En effet, c’est le rôle d’Azarius Lacasse, dans le film Bonheur d’occasion. L’aventure de Du tac au tac venait de se terminer après six saisons. Je me disais « Ouin, là, ça va être tranquille pendant un boutte… tsé, les gilets carreautés…! » (Rires.) Mais à la demande de Dominique Lajeunesse, la fille de Janette Bertrand, qui avait une agence de casting, je suis allé passer l’audition, mais je n’avais vraiment aucune attente. Pourtant, on m’a convoqué pour le screen test, qui est en quelque sorte une deuxième audition à laquelle sont conviés quelques acteurs seulement. Une quinzaine de jours plus tard, le téléphone a sonné. Quand j’ai répondu, j’ai entendu Claude Fournier, le réalisateur, dire : « Salut Azarius! ». Ah! Ça a été tout un choc. Et ça a fait une coupure. Je n’ai plus jamais rejoué dans une comédie par la suite. Dans la vie d’un acteur, jouer ce genre de personnage, réussir à se tailler une place dans le cœur des gens, c’est un beau cadeau. Moi, j’ai eu cette immense chance.

En 1989, vous avez tourné Le party, avec Pierre Falardeau. Votre rencontre avec lui vous a grandement marqué, n’est-ce pas?

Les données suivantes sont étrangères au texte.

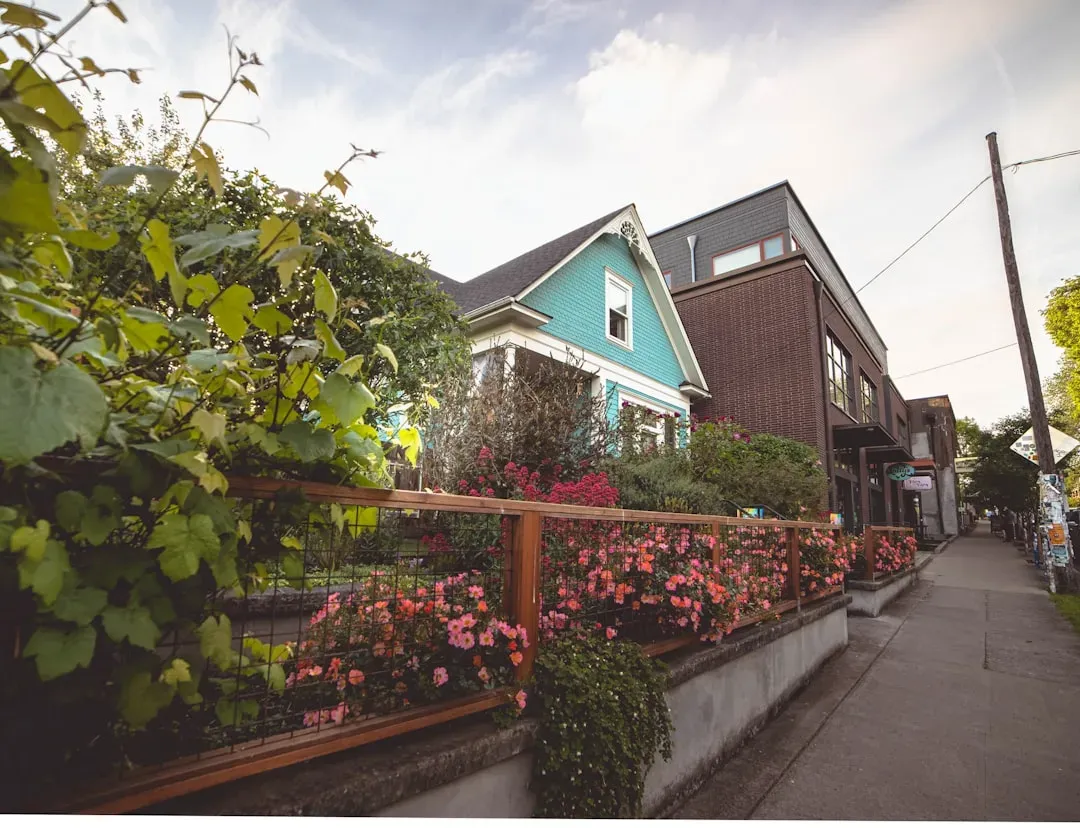 Portland: Pacific Northwest Alternative Faces Growing Pains (Image Credits: Unsplash)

Oui! Je l’ai peu connu, mais j’ai beaucoup aimé travailler avec lui. Sous ses airs d’ours un peu mal léché, il y avait en fait un homme formidable, gentil. Un peu victime de son personnage en fait… Je l’ai même déjà rencontré au Commensal, un restaurant végétarien! On aurait peut-être pas dit ça d’emblée! (Rires.) Ça a été un beau tournage. Et le film a bien marché. Pierre Falardeau est mort un peu vite, je trouve…

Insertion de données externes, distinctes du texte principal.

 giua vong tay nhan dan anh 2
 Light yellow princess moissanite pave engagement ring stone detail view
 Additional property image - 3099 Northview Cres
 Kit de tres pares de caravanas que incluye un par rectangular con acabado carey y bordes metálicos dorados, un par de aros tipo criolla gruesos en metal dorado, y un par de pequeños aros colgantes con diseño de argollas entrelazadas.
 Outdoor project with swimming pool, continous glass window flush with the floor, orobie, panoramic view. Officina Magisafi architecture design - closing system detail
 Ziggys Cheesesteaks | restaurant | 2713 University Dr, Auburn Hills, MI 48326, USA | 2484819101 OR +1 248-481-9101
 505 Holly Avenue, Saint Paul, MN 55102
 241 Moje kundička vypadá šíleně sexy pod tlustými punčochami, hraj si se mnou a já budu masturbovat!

Y a-t-il des gens dans votre entourage qui vivent avec une perte auditive?

Oui! J’ai quelques amis, certains qui sont comédiens et d’autres non, qui ont une perte auditive. On fait bien des farces avec ça, on les taquine. Un de mes amis, maintenant décédé, portait des appareils auditifs. Quand on jouait au golf, il les enlevait au début de la partie pour ne pas se faire déconcentrer par nos niaiseries pendant qu’il frappait ses balles. (Rires.) Dans le fond, c’est un avantage dans la vie, ça… Les gens qui ont des appareils auditifs peuvent entendre quand ils veulent, et « mettre la switch à off » quand ils veulent avoir la paix! (Rires.)

Si on vous annonçait que vous avez une perte auditive et que vous devez porter des appareils auditifs, est-ce que ça vous gênerait?

Absolument pas! C’est pas pire que de porter un dentier! (Rires.) Mais j’entends trop, moi! Des fois, j’aimerais ça être sourd pour avoir la paix! (Rires).